Virginia Gov. Ralph Northam (D) holds a news conference in Richmond on June 4. (Bob Brown/AP)

LEGISLATION THAT would ban sales of high-capacity gun magazines such as those used in last week’s mass shooting in Virginia Beach was first introduced in Virginia in 2011. The impetus then was the shooting in Tucson of then-Rep. Gabrielle Giffords (D-Ariz.) and 18 other people. The gunman in that murderous rampage had used a 33-round magazine and was stopped only when he paused to reload, giving a group of heroic bystanders the chance to wrestle him to the ground. If he had had to reload earlier, maybe six people would not have died.

But the bill never made it out of committee. Neither did a similar bill just this past January. Many other common-sense gun-safety measures have been squelched by the Republican-controlled General Assembly over the years. Universal background checks, a one-per-month limit on handgun purchases, red-flag laws that would allow police to take weapons from people deemed to pose a threat — Republican legislators routinely ensure that most don’t even get a vote on the floor of either house.

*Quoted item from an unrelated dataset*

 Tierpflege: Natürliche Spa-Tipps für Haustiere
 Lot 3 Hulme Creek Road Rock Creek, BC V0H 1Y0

Now, Virginia is mourning 12 more innocent lives senselessly lost to gun violence — 12 people slaughtered as they went about their business at a municipal center in Virginia Beach. Legislative inaction should not be acceptable to anyone, as Gov. Ralph Northam (D) made clear Tuesday . Flanked by Democratic officeholders, Mr. Northam announced he would call a special session to consider gun-control reforms.

No date has been set, but the end of June is being eyed. The governor said he is finalizing a legislative package that would include familiar ideas, as well it should: closing the gun-show loophole for background checks, banning assault weapons, reinstating the one-gun-per-month rule and expanding local authority to regulate firearms. “They have never received a fair hearing,” Mr. Northam said. “I want these pieces of common-sense gun safety legislation to get to the floor and let these individuals elected by you, the people, to come to the floor and cast their vote.”

To call the chances for success in the Republican-controlled legislature unclear might be optimistic. The initial Republican response was, as characterized by The Post’s Gregory S. Schneider, cool. House Speaker Kirk Cox (Colonial Heights) called the governor’s action “hasty and suspect,” and days earlier Senate Majority Leader Thomas K. Norment Jr. (James City) was harshly critical of Democrats whom he accused of using a tragedy to advance their political agenda.

No doubt Democrats want to put Republicans on the spot on this critical issue just a few months before the November elections in which all 140 seats in the legislature are on the ballot. That, though, is how it should be. Polls have shown increasing support from Virginians to tighten the state’s notoriously permissive gun laws. The special session offers an opportunity to do so. If Republicans choose to pass up that opportunity, voters will have their own chance in November to bring about essential change.